In some data stream monitoring applications, continuous queries, such as monitoring queries, are specified over the data. Continuous queries are described, for example, by Babu and Widom in “Continuous Queries over Data Streams,” ACM SIGMOD Record, (30:3), September 2001, pages 109-120, and by Terry, et al., in “Continuous Queries over Append-Only Databases,” Proceedings of the 1992 ACM International Conference on Management of Data (SIGMOD), San Diego, Calif., Jun. 2-5, 1992, pages 321-330, which are incorporated herein by reference.
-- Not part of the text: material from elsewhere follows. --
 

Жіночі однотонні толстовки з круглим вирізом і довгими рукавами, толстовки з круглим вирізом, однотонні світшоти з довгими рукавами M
Several methods for evaluating monitoring queries are known in the art. For example, Dilman and Raz describe a process for detecting when a sum of a distributed set of variables exceeds a predetermined threshold in “Efficient Reactive Monitoring,” Proceedings of the 20th Annual Joint Conference of the IEEE Computer and Communications Societies (INFOCOM), April, 2001, pages 1012-1019, which is incorporated herein by reference. Manjhi et al., describe a process of finding frequently-occurring items in a set of distributed streams in “Finding (Recently) Frequent Items in Distributed Data Streams,” Proceedings of the 21st International Conference on Data Engineering (ICDE), Tokyo, Japan, Apr. 5-8, 2005, pages 767-778, which is incorporated herein by reference.
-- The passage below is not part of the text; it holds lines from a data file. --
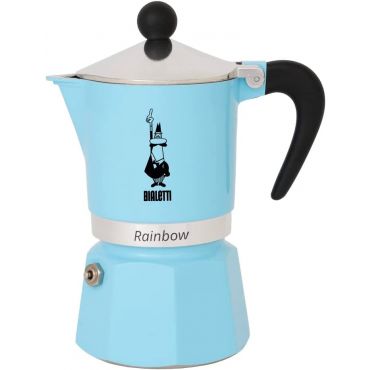 Bialetti 5043 Rainbow Espresso Maker, 6-Cups, Light Blue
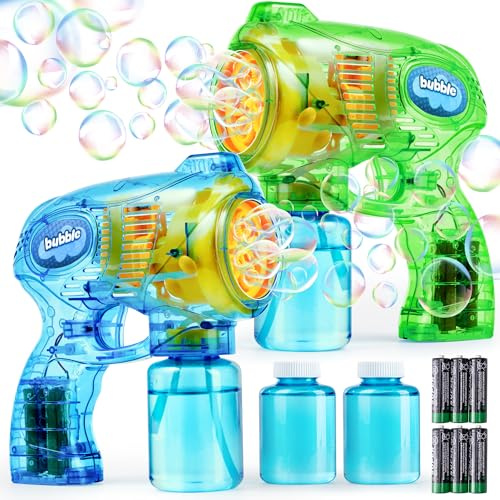 JOYIN Kit de 2 pistolas de burbujas con máquina automática de burbujas para actividades al aire libre e interior de los niños, juguete de verano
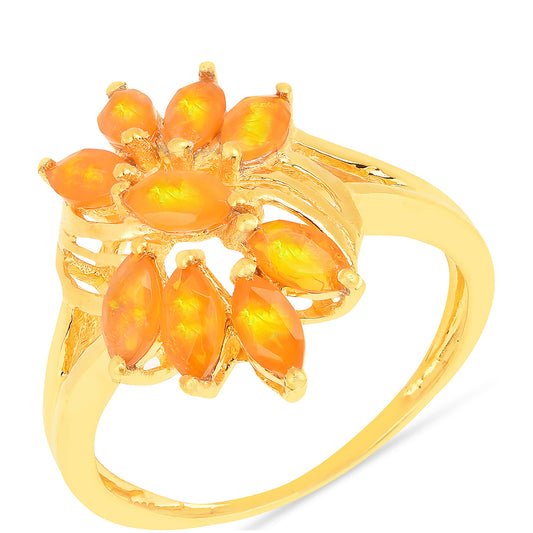 Goldplattierter Silberring mit Feueropal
As another example, Bulut, et al., describe a process for detecting similar sets of streams among a large set of distributed streams in “Distributed Data Streams Indexing using Content-Based Routing Paradigm,” Proceedings of the 19th IEEE International Parallel and Distributed Processing Symposium (IPDPS), Denver, Colo., Apr. 3-8, 2005, page 94, which is incorporated herein by reference. Yet another process, which approximates quantiles over distributed streams, is described by Cormode, et al., in “Holistic Aggregates in a Networked World: Distributed Tracking of Approximate Quantiles,” Proceedings of SIGMOD 2005, Baltimore, Md., Jun. 14-15, 2005, pages 25-36, which is incorporated herein by reference.
Olston, et al., describe a centralized processor, which monitors continuous queries over distributed data in “Adaptive Filters for Continuous Queries over Distributed Data Streams,” Proceedings of the 2003 ACM SIGMOD Conference, San Diego, Calif., Jun. 9-12, 2003, pages 563-574, which is incorporated herein by reference. According to the disclosed method, users register continuous queries with precision requirements at the centralized processor, which installs filters at remote data sources. The filters adapt to changing conditions to minimize stream rates while guaranteeing that all continuous queries still receive the updates necessary to provide answers of adequate precision at all times. Babcock and Olston describe a method for determining the k largest values, aggregated over a set of distributed data streams in “Distributed Top-k Monitoring,” Proceedings of the 2003 ACM SIGMOD Conference, San Diego, Calif., Jun. 9-12, 2003, pages 28-39, which is incorporated herein by reference.
Gibbons and Tirthapura describe methods for evaluating certain functions over a set of distributed streams in “Estimating Simple Functions on the Union of Data Streams,” Proceedings of the 13th Annual ACM Symposium on Parallel Algorithms and Architectures (SPAA), Crete, Greece, Jul. 4-6, 2001, pages 281-291, and in “Distributed Streams Algorithms for Sliding Windows,” Proceedings of the 14th Annual ACM SPAA, Winnipeg, Canada, Aug. 11-13, 2002, which are incorporated herein by reference.